When Joe Sestak decided to challenge Arlen Spector in the Democratic Senatorial primary, the White House let it be known that they would prefer not to have Spector challenged and a quid pro quo was floated. If Congressman Sestak would withdraw his challenge, perhaps he could be appointed to a board of some kind. Not one that would reward him financially but with a position of influence on the national scene. The last time I looked, no one from the White House had been indicted or even interviewed by the FBI.

Blagojevich indulged in flights of fancy - an ambassadorship - secretary of Health and Human Services - CEO of a charitable organization funded in the millions through the influence of the president. All in return for appointing Valerie Jarret. But when it became clear that all that the White House was offering was gratitude, Blago responded with scatological derision, some of which was caught on tape - followed by a childlike "I’ll show those s.o.b’s" and tossing out the names of Jesse Jackson Junior and Oprah Winfrey among others - also partially caught on surreptitious tape recordings. If you want to believe Fitzgerald, those discussions were evidence of criminal conduct - just as the expression that you might once have verbalized about someone in a moment of anger - "I’ll kill that son-of-a-bitch" was a conspiracy to commit murder.

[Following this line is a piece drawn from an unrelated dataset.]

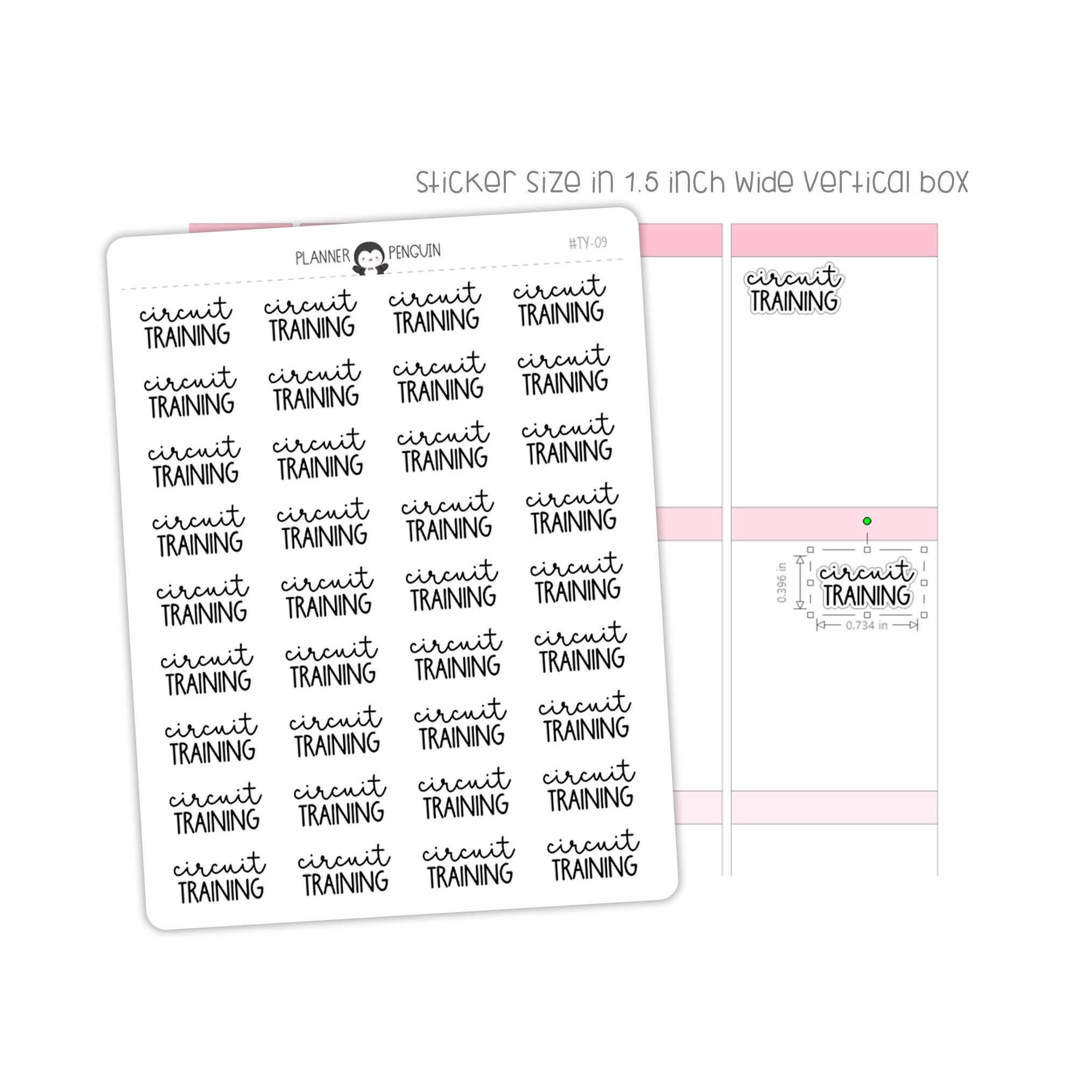 Circuit Training Fitness Typography stickers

I’m not saying that Blagojevich is or was pure as the driven snow - but he was more talk than do and very little was actually done that could be considered criminal. But of course the argument is that if you talk about something you’d like to accomplish that might be considered illegal - even if you never pull it off, that’s enough to indict, convict and send to jail.

Two national papers - the Wall Street Journal and the Washington Post have called for Fitzgerald to back off and not retry Blagojevich. The Post called him a persecutor The Journal called for his resignation or firing. The Chicago Tribune had a variety of opinion. Columnist Mary Schmich said she would not have voted to convict Blago on the evidence presented. Eric Zorn urged Fitzgerald to drop the chances against brother Robert and advised Blago to cop a plea, serve some time and get the whole sorry mess behind him. Most of the local media - print and electronic -has been finding him guilty on all counts since the verdict was announced - as they did in the months leading up to the trial. Fitzgerald will pay no attention to any of it - pro or con. A true "Inspector Javert" he will proceed with a second trial against both brothers and if a hung jury results, I wouldn’t be surprised to see him try a third time.

Whatever happens, I can’t conceive of Blago getting a fair trial - just as I believed that the first trial was tainted from the moment that Blaglojevich was unceremoniously hauled from his house and arrested to the astounding accompaniment of prosecutor Fitzgerald telling the world that he had acted to stop a crime spree that would have caused Abe Lincoln to turn in his grave. Abe’s remains might have been turning - but more likely from the Fitzgerald rant than Blago’s alleged crime spree.